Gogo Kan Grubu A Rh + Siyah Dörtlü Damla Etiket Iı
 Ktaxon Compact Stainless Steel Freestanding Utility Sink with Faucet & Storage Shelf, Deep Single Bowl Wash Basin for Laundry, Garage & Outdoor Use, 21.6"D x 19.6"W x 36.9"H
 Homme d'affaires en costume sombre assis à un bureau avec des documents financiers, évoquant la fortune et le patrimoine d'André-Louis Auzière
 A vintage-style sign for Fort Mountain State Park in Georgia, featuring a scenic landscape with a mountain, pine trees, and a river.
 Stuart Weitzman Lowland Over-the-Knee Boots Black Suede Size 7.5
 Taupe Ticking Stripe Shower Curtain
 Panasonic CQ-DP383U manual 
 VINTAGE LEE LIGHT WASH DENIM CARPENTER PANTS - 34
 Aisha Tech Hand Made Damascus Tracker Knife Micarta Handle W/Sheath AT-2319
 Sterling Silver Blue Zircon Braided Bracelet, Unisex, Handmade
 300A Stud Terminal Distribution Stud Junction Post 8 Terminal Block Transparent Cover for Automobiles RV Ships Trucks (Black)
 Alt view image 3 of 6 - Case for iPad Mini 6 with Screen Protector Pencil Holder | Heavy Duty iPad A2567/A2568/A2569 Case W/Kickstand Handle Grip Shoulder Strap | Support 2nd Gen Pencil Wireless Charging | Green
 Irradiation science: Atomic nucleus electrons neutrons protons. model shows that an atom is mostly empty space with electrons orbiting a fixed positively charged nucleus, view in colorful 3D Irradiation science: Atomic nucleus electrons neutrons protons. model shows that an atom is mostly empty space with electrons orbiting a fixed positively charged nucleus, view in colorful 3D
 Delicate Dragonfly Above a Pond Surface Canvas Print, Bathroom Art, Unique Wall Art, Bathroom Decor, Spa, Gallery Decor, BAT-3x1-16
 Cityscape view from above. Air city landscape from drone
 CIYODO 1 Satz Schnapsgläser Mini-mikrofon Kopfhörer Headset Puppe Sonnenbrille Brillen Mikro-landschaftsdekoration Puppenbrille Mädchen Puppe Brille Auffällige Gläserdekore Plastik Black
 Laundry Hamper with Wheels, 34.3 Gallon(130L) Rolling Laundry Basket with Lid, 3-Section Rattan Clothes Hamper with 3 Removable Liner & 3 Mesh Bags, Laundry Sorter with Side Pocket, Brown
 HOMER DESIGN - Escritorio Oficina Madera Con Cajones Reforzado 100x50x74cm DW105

__ABOUT THIS TASK__.
Transcribe the material exactly, stopping after the "Panasonic CQ-DP383U manual" line.

__OUTPUT FOR THIS TASK__.
Gogo Kan Grubu A Rh + Siyah Dörtlü Damla Etiket Iı
 Ktaxon Compact Stainless Steel Freestanding Utility Sink with Faucet & Storage Shelf, Deep Single Bowl Wash Basin for Laundry, Garage & Outdoor Use, 21.6"D x 19.6"W x 36.9"H
 Homme d'affaires en costume sombre assis à un bureau avec des documents financiers, évoquant la fortune et le patrimoine d'André-Louis Auzière
 A vintage-style sign for Fort Mountain State Park in Georgia, featuring a scenic landscape with a mountain, pine trees, and a river.
 Stuart Weitzman Lowland Over-the-Knee Boots Black Suede Size 7.5
 Taupe Ticking Stripe Shower Curtain
 Panasonic CQ-DP383U manual 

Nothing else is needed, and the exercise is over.